Para muitos, modernizar a Igreja Católica significa aceitar o casamento dos padres ou a ordenação de mulheres. Temas importantes, mas que não passam de penduricalhos ao lado da verdadeira revolução que seria uma volta da Igreja à proximidade. Eis a atitude e o discurso de Francisco. “Não se cansem de trabalhar por um mundo mais justo e solidário!

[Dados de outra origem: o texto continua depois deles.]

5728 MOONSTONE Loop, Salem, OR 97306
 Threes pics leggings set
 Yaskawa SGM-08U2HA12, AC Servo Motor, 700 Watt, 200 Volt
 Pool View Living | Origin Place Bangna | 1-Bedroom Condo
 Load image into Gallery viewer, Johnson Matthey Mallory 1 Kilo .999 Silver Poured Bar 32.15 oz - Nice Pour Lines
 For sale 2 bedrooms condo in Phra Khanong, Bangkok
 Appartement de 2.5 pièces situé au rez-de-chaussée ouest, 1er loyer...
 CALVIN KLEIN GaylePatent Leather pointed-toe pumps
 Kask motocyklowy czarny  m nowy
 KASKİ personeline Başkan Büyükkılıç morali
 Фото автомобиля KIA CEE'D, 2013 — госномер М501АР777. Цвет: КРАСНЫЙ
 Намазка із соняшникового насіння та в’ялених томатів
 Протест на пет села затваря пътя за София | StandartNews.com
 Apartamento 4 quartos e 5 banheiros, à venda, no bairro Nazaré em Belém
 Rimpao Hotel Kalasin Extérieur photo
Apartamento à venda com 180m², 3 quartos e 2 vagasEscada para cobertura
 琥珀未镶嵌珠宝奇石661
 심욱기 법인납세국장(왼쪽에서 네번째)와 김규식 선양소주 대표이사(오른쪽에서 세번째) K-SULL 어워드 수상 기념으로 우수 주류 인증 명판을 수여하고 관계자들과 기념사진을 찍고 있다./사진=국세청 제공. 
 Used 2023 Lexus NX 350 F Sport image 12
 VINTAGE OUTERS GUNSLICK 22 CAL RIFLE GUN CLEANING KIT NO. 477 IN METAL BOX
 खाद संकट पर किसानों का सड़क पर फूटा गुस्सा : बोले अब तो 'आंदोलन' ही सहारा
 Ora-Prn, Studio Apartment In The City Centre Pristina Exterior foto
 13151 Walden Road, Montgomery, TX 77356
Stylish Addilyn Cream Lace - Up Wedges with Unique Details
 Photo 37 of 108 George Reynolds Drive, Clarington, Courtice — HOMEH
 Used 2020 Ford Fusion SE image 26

Ninguém pode permanecer insensível às desigualdades que existem no mundo”.


Assim é a verdadeira revolução. “Você pode ter sido criado na igreja, pode ter sido batizado na igreja, pode ter servido na igreja, pode ser que tenha casado na igreja e ainda assim acordar no inferno caso você esteja meramente na igreja e não em Cristo”. Que são os rituais sem a vivência do Evangelho? Címbalos que fazem zoada.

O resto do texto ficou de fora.